El último coro está escrito en un inusual compás ternario, con un motivo de solo tres notas y una polifonía de extrema sencillez. Nada que pudiera sonar a la levedad del minueto lento que es. El coral que concluye la Pasión («Señor, a mi muerte, deja que tu querido ángel lleve mi alma al seno de Abraham») fue cambiado por Bach varias veces hasta recuperar la simplicidad litúrgica original. Su melodía estaba ya en los repertorios organísticos de finales del XVI; su texto, en el himno coetáneo de Martin Schalling. Un eco de la «tensión plateada»en la música renacentista de Palestrina: la fuerza de los primitivos avanzando hacia el equilibrio del futuro, sin alcanzarlo por fortuna (ilustración del pintor Hernán Cortés en visita amistosamente guiada a la exposición de Chardin en el Museo del Prado). Engastada en un oratorio barroco, dominada por el maestro, aquella tensión se relaja para articular un lenguaje pausado e inteligible que en San Juan nos habla del verbo hecho carne hasta rendir su último aliento. Una oración antigua. La música se disuelve en la palabra, humana y divina a la vez; el genio, en el anonimato de este valle de lágrimas. La obra deja en el alma un poso de consuelo que no hay medio «técnico» de explicar. ¿Cuál es el referente de esta música? ¿Dónde estaba antes su metáfora sonora de un mundo ordenado?

Racionalidad y orden son componentes esenciales de la música de Bach que la conectan con la modernidad, como han señalado Max Weber y Adorno. Además, la brillantez de la invención, muy por encima de la mecánica de recursos aprendidos que tantas veces anima la composición musical, aumentó su valoración en el romanticismo. El triunfo de la subjetividad desde una perspectiva humanista y poética. Ignoramos hasta qué punto Bach fue consciente de su superioridad; pero apenas pudo sacarle provecho. Tampoco pareció importarle mucho, resignado ante la tarea improbable de mejorar una economía familiar azarosa.
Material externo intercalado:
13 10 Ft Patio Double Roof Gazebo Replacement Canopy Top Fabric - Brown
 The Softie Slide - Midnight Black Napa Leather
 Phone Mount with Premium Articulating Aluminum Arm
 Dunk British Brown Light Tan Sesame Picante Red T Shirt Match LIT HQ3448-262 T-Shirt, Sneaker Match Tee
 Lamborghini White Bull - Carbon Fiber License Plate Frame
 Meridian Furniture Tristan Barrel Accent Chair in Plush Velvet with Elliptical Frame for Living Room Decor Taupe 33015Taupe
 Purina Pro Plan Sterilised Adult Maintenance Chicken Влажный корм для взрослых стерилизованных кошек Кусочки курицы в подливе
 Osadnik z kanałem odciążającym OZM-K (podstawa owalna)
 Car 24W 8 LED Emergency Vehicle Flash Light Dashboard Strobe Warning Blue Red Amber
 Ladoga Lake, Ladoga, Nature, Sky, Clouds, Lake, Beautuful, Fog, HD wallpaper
Gracias a sus anotaciones manuscritas en los viejos volúmenes de una Biblia luterana sabemos que Bach creía que el corazón del hombre no tiene el control ni de las emociones ni de la vida, que la música es parte del orden natural, y que el trabajo bien hecho es una vía de aproximación a Dios. Seamos o no capaces de reconstruir su escenario histórico o teológico, Bach nos ha legado un hermoso jeroglífico, en la feliz imagen de Diderot, para este mundo ruidoso y desmembrado.

Por Antonio Hernández-Gil, decano del Colegio de Abogados de Madrid.